Ich freue mich mega, dass ich euch nun den ersten Gastbeitrag veröffentlichen darf.
Micha Ziegeler, ist für mein Mann und mich ein großes Vorbild, bester Freund, unglaublich begabt und jemand der uns immer wieder anspornt an Jesus zu bleiben.
Der folgende Text ist etwas länger als sonst – doch ich möchte dir so sehr ans Herz legen, dir die Zeit zu nehmen. Micha hielt darüber letztens eine Predigt in unserer Gemeinde und sie hat mich umgehauen. So viel Wahrheit und DIESE WORTE haben meinen Alltag verändert.


Wusstest du, dass eine Person im Durchschnitt etwa 70.000 Wörter pro Tag spricht?– Das zeugt von viel Interaktion zwischen Menschen. Warum spricht ein Mensch so viele Worte? 
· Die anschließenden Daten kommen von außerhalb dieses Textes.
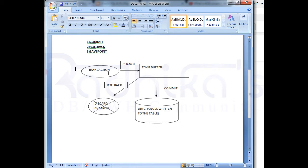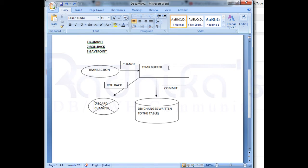When a transaction happens and the change is stored in the temporary buffer and you give the command rollback, then rollback will undo whatever transaction was done previously. It will just erase the temporary buffer — whatever data is present in the temporary buffer till there, it will roll back. That means it will undo that transaction. This is what this pictorial diagram represents.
Gesprochene und geschriebene Worte sind Grundlage unserer Kommunikation und das wiederum ist Grundlage von all unseren Beziehungen.
Alle menschlichen Systeme funktionieren nur durch Kommunikation. Kommunikation dient nicht lediglich der Funktionalität. Sie ist auch schlichtweg deshalb da, weil Kommunikation einfach schön ist. 

Heute geht es um die Macht der Worte.

Deine Worte sind dazu bestimmt, Leben zu schaffen.

Gott hat viel zum Thema „Worte“ zu sagen. Die Bibel macht eine knallharte Bestandsaufnahme über unser Reden.

Und machen wir nicht alle immer wieder Fehler? Wem es freilich gelingt, nie ein verkehrtes Wort zu sagen, den kann man als vollkommen bezeichnen. Denn wer seine Zunge im Zaum hält, der kann auch seinen ganzen Körper beherrschen. So legen wir zum Beispiel den Pferden das Zaumzeug ins Maul. Damit beherrschen wir sie und können das ganze Tier lenken. Und selbst bei den Schiffen, die nur von starken Winden vorangetrieben werden können, bestimmt der Steuermann die Richtung mit einem kleinen Ruder. Genauso ist es mit unserer Zunge. So klein sie auch ist, so groß ist ihre Wirkung! Ein kleiner Funke setzt einen ganzen Wald in Brand. Mit einem solchen Feuer lässt sich auch die Zunge vergleichen. Sie kann eine ganze Welt voller Ungerechtigkeit und Bosheit sein. Sie vergiftet uns und unser Leben, sie steckt unsere ganze Umgebung in Brand, und sie selbst ist vom Feuer der Hölle entzündet. Die Menschen haben es gelernt, wilde Tiere, Vögel, Schlangen und Fische zu zähmen und unter ihre Gewalt zu bringen. Aber seine Zunge kann kein Mensch zähmen. Ungebändigt verbreitet sie ihr tödliches Gift. Mit unserer Zunge loben wir Gott, unseren Herrn und Vater, und mit derselben Zunge verfluchen wir unsere Mitmenschen, die doch nach Gottes Ebenbild geschaffen sind. Segen und Fluch kommen aus ein und demselben Mund. Aber genau das, meine lieben Brüder und Schwestern, darf nicht sein!

Bibel, Jakobus 3,2-10

Deine Worte haben eine immense Auswirkung. 
Das, was du sagst – das, wozu deine Zunge fähig ist, steuert dich, wie das Zaumzeug ein Pferd komplett lenken kann, und wie das winzige Ruder ein Schiff quer durch die großen Ozeane navigiert.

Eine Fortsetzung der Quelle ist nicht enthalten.